I might be missing something (We use sqlite for our embedded stores) - but I feel like "failing silently" is alarmist here.

1. If the WAL is incomplete, then "failing" silently is the correct thing to do here, and is the natural function of the WAL. The WAL had an incomplete write, nothing should have been communicated back the application and the application should assume the write never completed.

2. If the WAL is corrupt (due to the reasons he mentioned), then sqlite says that is that's your problem, not sqlite's. I think this is the default behavior for other databases as well. If a bit flips on disk, it's not guaranteed the database will catch it.

This article is framed almost like a CVE, but to me this is kind of like saying "PSA: If your hard drive dies you may lose data". If you care about data integrity (because your friend is sending you sqlite files) you should be handling that.

supriyo-biswas 2 days ago | parent [-]

Also, partially applying a WAL has obvious issues even though the author of this post would somehow prefer that.

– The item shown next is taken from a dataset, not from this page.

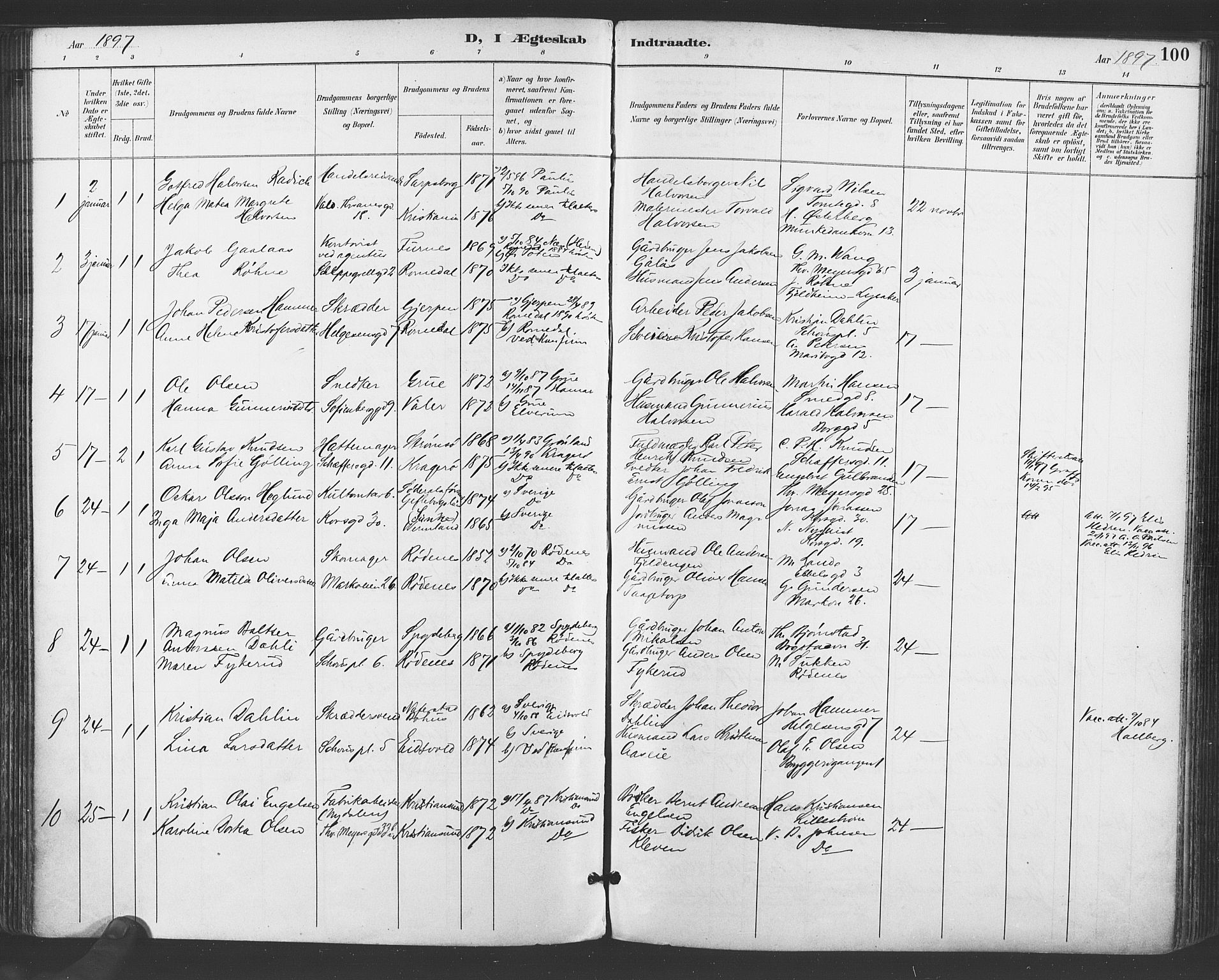 Paulus prestekontor Kirkebøker, SAO/A-10871/F/Fa/L0009: Parish register (official) no. 9, 1891-1901, p. 100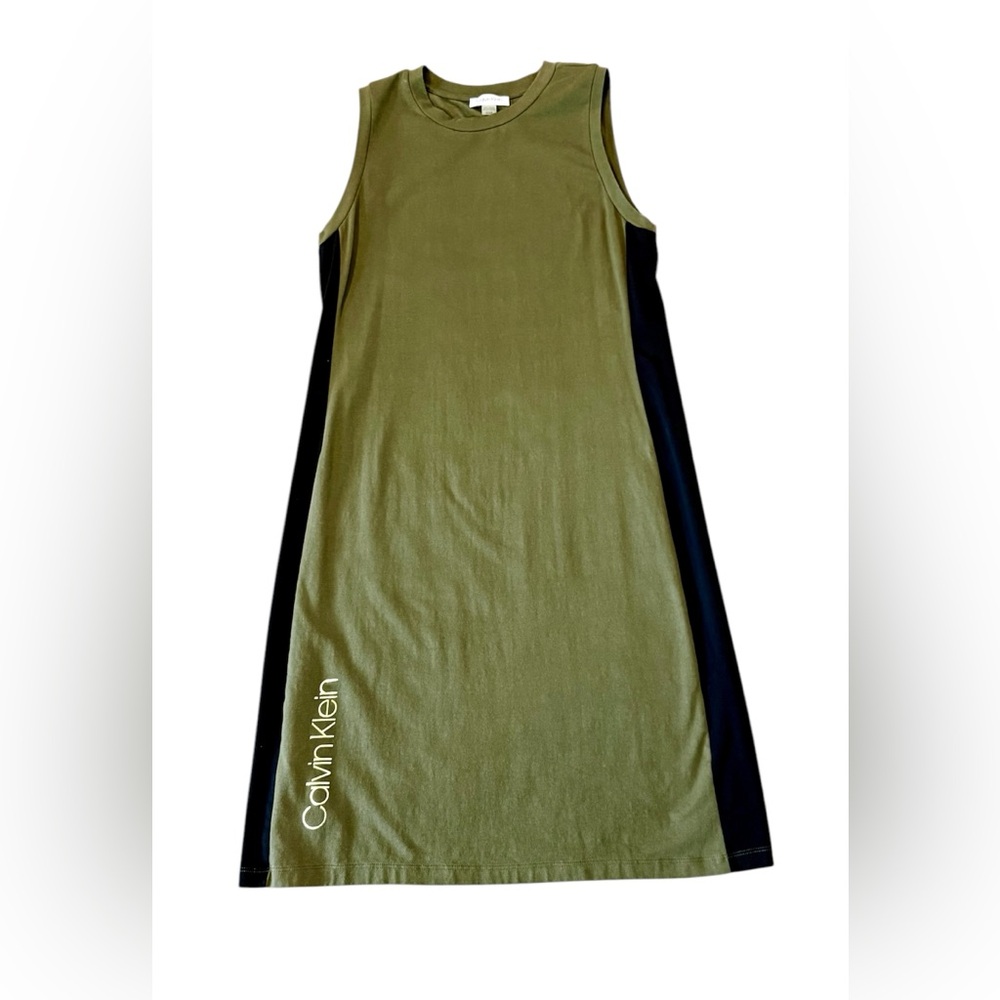 CALVIN KLEIN‎ Short Sleeve Olive Black Color Block Logo T-shirt Dress Size Small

If we update 3 rows in a database and the WAL entry for one of the rows is corrupted, do they expect to ignore the corrupted entry and apply the rest? What happens to data consistency in this particular case?

lxgr 2 days ago | parent [-]

Even worse: SQLite, by default, does not immediately truncate WAL files, but rather overwrites the existing WAL from the beginning after successfully applying a checksum.

Doing what the author suggests would actually introduce data corruption errors when "restoring a WAL with a broken checksum".

avinassh 2 days ago | parent [-]

However, SQLite, by default, always truncates the WAL files on last connection close

> When the last connection to a database closes, that connection does one last checkpoint and then deletes the WAL and its associated shared-memory file, to clean up the disk.

https://www.sqlite.org/wal.html

lxgr 2 days ago | parent [-]

Yes, but you can't rely on an orderly database close when it comes to correctness. Non-clean shutdowns are much more common than actual low-level data corruption in many SQLite applications.